For domains that do publish strict ADSP policies, the originating
site SHOULD use a separate message stream (see Section 2.5), such as
a signing and Author subdomain, for the "personal" mail -- a
subdomain that is different from domain(s) used for other mail
streams. This allows each to develop an independent reputation, and
more stringent policies (including ADSP) can be applied to the mail
stream(s) that do not go through mailing lists or perhaps do not get
signed at all.
As far as I know, the "participating MLM" thing has never been
implemented, which makes the C in BCP rather suspect. My own MLM
signs the outgoing mail and adds an Authentication-Results: header,
but largely by default because it's embedded in a mail system that
does those things.
There was a message stating that the IETF implemented support for
DKIM (
http://www.ietf.org/mail-archive/web/ietf-announce/current/msg09173.html
). Given that there is an existing BCP about DKIM and mailing lists
it might be assumed that the IETF is following it. There is a
recommendation in the BCP to reject some types of messages.
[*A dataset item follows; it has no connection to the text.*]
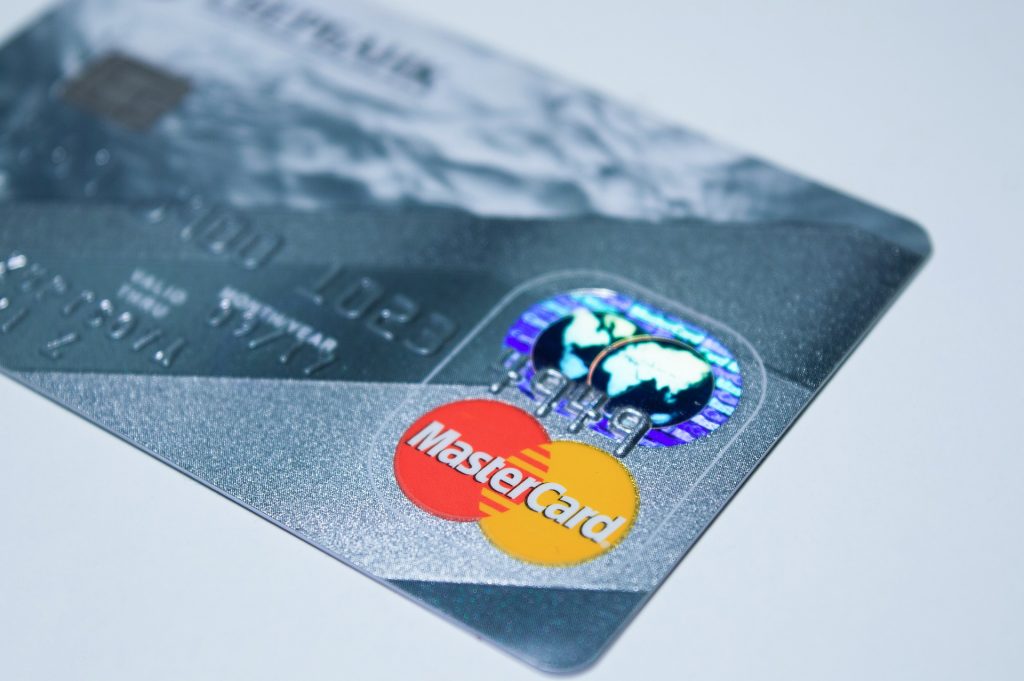 Mastercard. Foto: Pixabay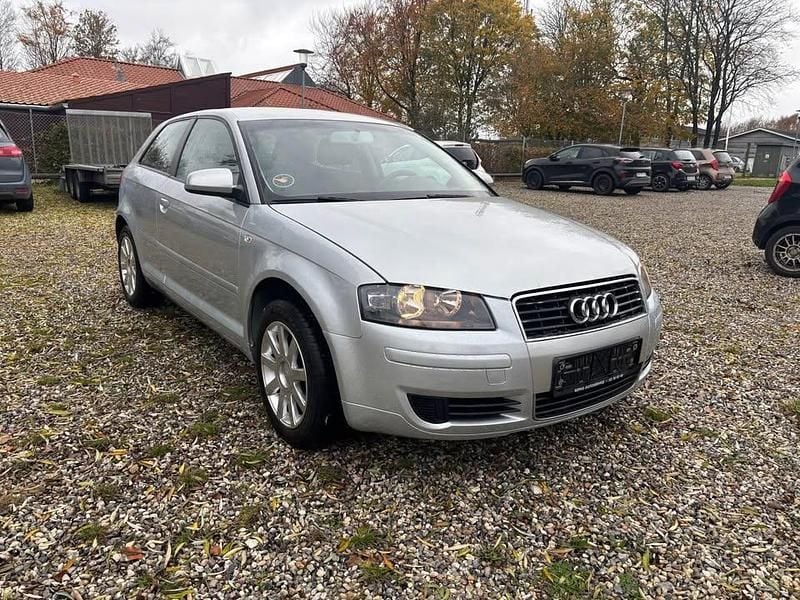 Brugt Audi A3 2005 Sedan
My mailing list implementation does not break DKIM signatures. I
would not describe it as a "participating MLM" as the postmaster does
not follow some of the recommendations in that BCP. :-)
Just today I did modify it so that any list mail with a From:
address @yahoo.com is re written to @yahoo.com.INVALID. That's the
least intrusive way I've been able to come up with to mitigate the
damage. It's also similar to what RFC 6858 suggests for delivering
EAI mail to systems that can't handle EAI, which is a vaguely similar problem.
I found some other domains which implemented DMARC as described at
http://www.ietf.org/mail-archive/web/ietf/current/msg87153.html I
suggest taking that into account if you haven't already done it.